Image by ThreeIfByBike, www.flickr.com/photos/three_if_by_bike/ CCBY-SA2.0 (desaturated)
(Climbing the mountain of success – Part I)
“Man does not simply exist but always decides what his existence will be, what he will become the next moment. By the same token, every human being has the freedom to change at any instant.” — Viktor Frankl
What’s truly harder: quitting and turning back, or committing and driving forward?
Striding boldly into the forest that separates you from your dream at the top of the mountain, you are emboldened by your own bravery, and a not insignificant dose of adrenaline.
Step after step, you’ve launched into your journey. You’re in it, now: you’re carving your own path up the mountain.
Your progress is steady. It feels good. You’re proud. You feel strong. You’ve got a backpack full of tools, and you know how to use them…at least you hope so.
Progress feels good.
Then you start to get sore. Then tired. Then sweaty, itchy, almost hyper-sensitive. Hunger and exhaustion set in.
Night is coming.
It’s going to be long and low.
This isn’t so fun anymore. It isn’t so easy. The biggest challenge is no longer just making the decision to climb the mountain – now, it’s work. Honest work, but the kind of effort you’re not used to in your ‘normal’ life. You don’t feel able. In fact, you feel pretty clumsy, well outside your comfort zone.

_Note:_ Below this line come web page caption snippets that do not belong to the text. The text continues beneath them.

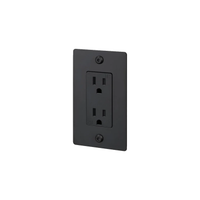 Buster and Punch 1 Gang Linear Duplex Outlet in Black.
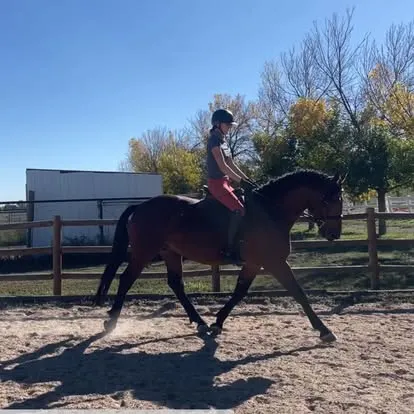 White Lodge Sullivan's Glory schooling dressage under saddle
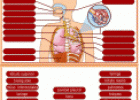 Aparatos del cuerpo humano | Recurso educativo 26646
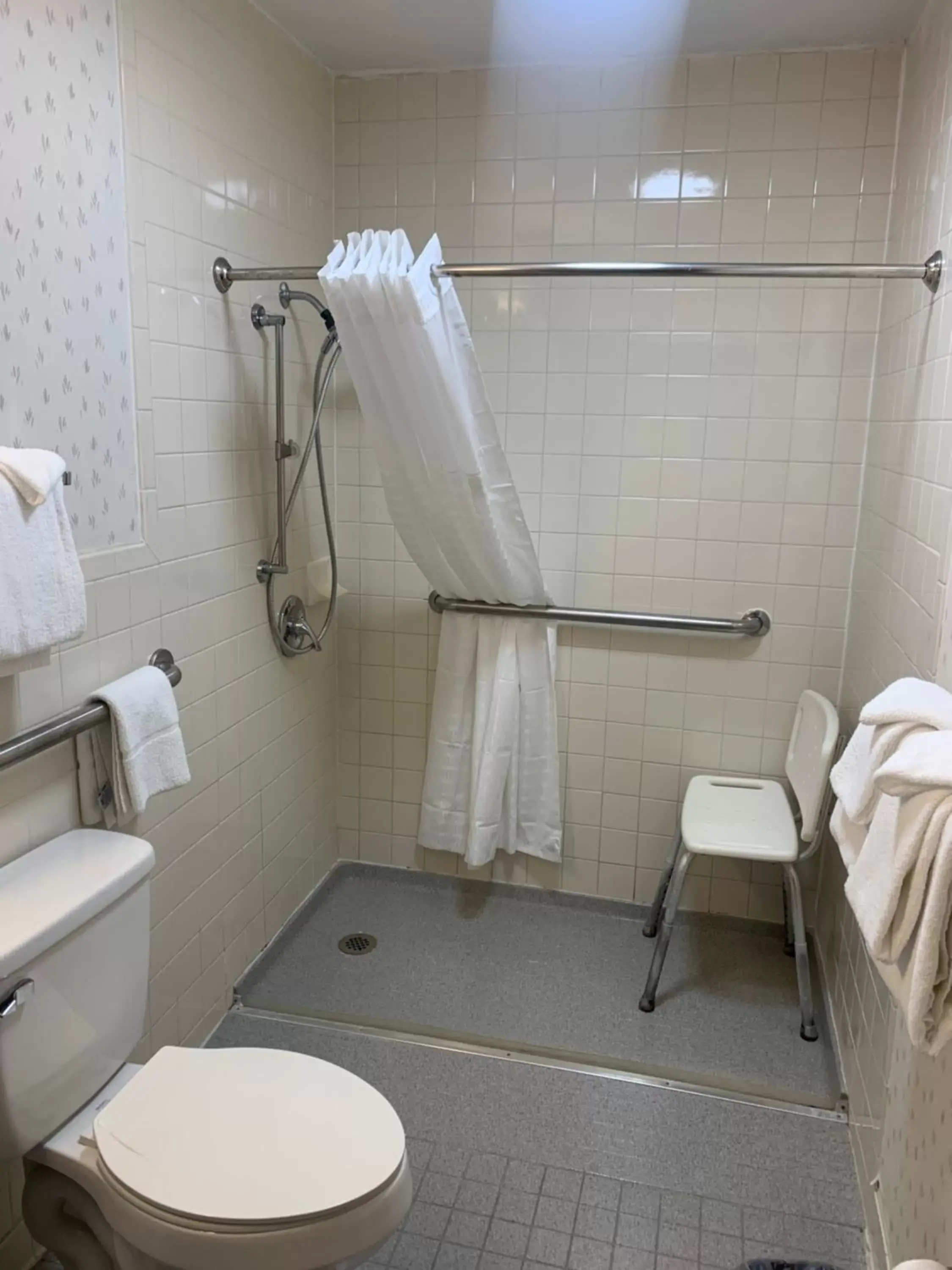 Shower, Bathroom in Quality Inn & Suites Brooksville I-75/Dade City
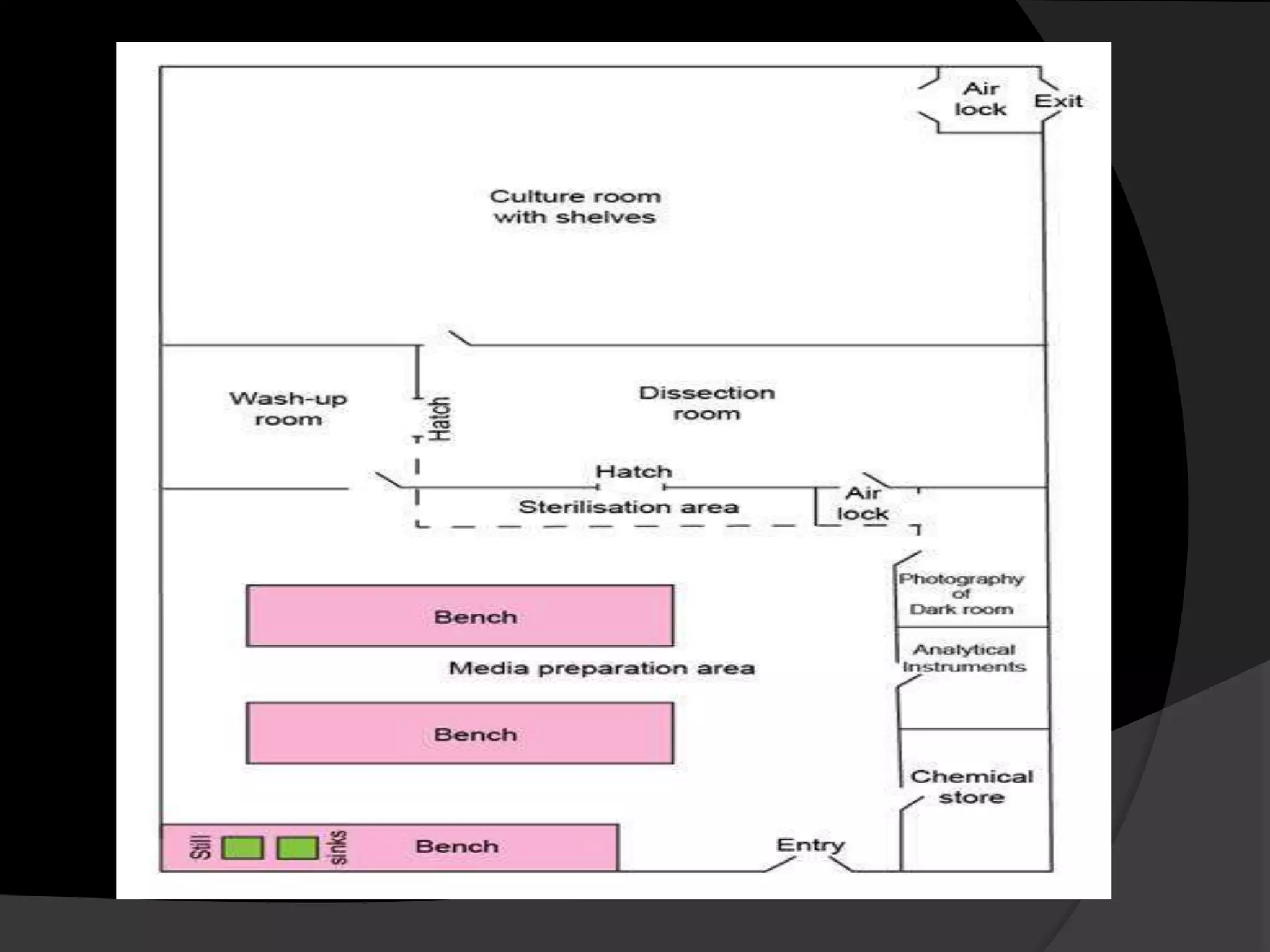 4068 plant tissue culture lab design | PPTX, image size:2048x1536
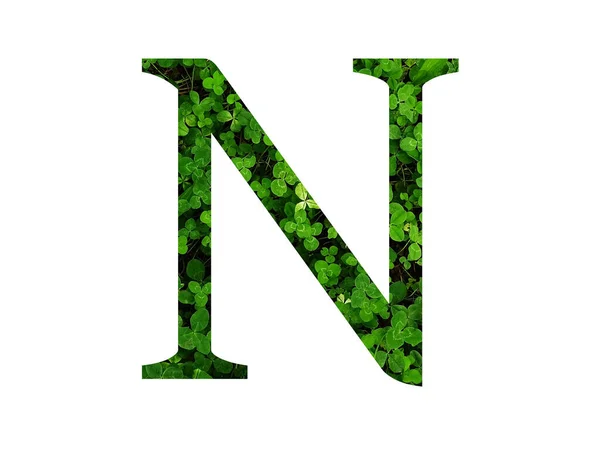 クローバー畑の緑の葉で作られたアルファベットの文字N 緑で作られた — ストック写真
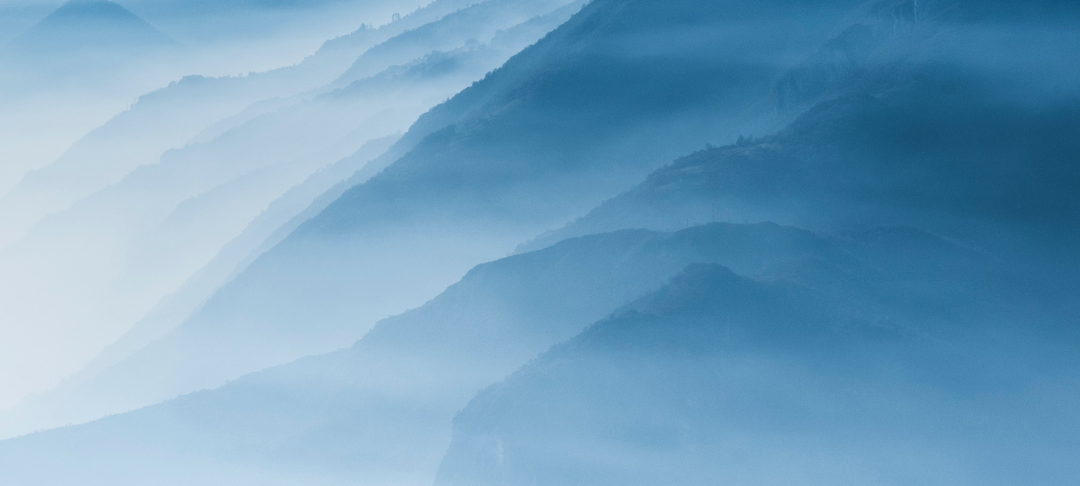 Finance carbone & nouveaux actifs environnementaux : des solutions pour contribuer à la neutralité carbone et la préservation des écosystèmes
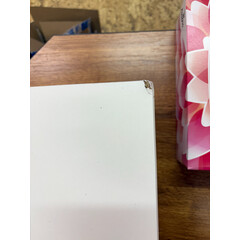 Trusă de prim ajutor din lemn suspendată- fără ustensile, albă (Articol folosit)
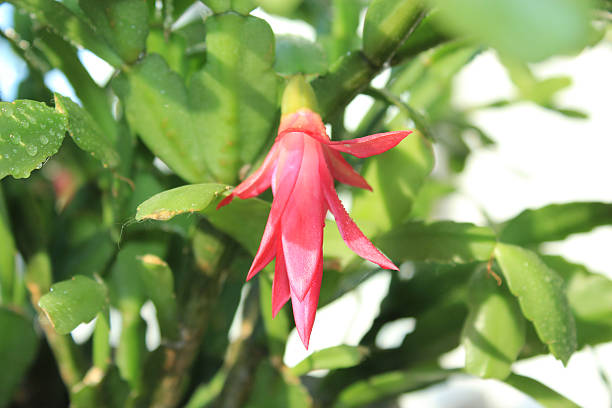 istock flower of Schlumbergera 580106908
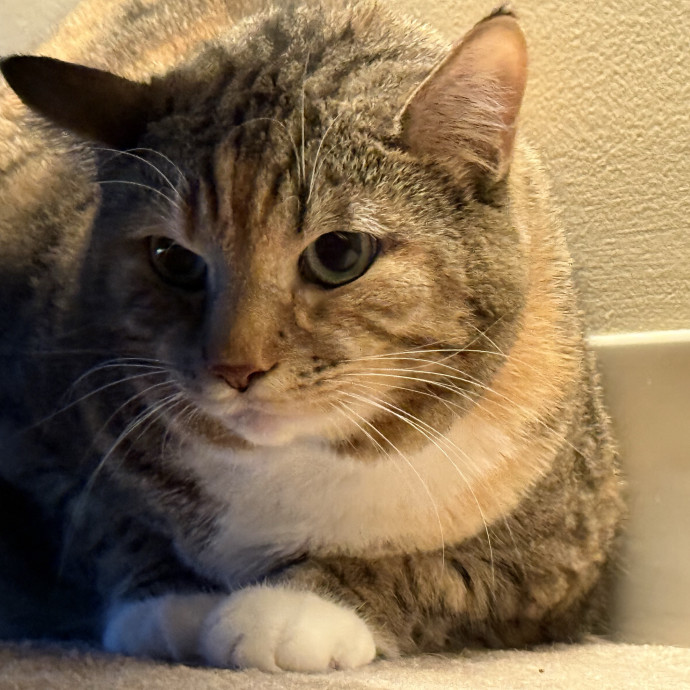 Fur-Real Cat Care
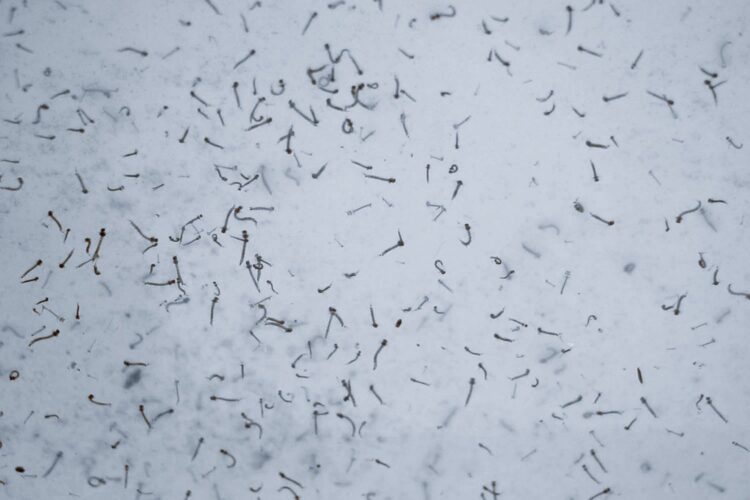 Con casos de dengue, 63 municipios de Puebla: Salud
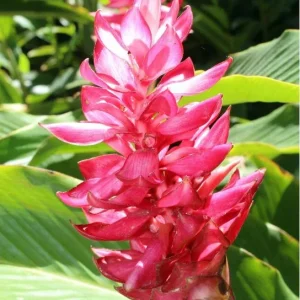 Set of 2 Hot Pink Ginger Live Plants - Ornamental Flowering Ginger, 5-8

“Nothing worth doing is easy,” you repeat to yourself. You’re right, but it doesn’t help much.
Every time the path gets muddy and the way forward is too dark and hazy to see, quitting seems so easy.
Still, you feel your progress, and there’s enough newness and scariness and excitement that quitting doesn’t seem so… Necessary.
Give it time… Very soon, quitting will feel very, very necessary.
The first time you trip and twist your ankle…
The first time you stumble over some venomous or teeth-laden forest creature…
The first time you do something truly foolish, slap your forehead and say, “How the hell could I be so stupid!”
The Resistance is hunting you, haunting you, here in the forest. This is his playground, not yours. You are not home here. You are not welcome here.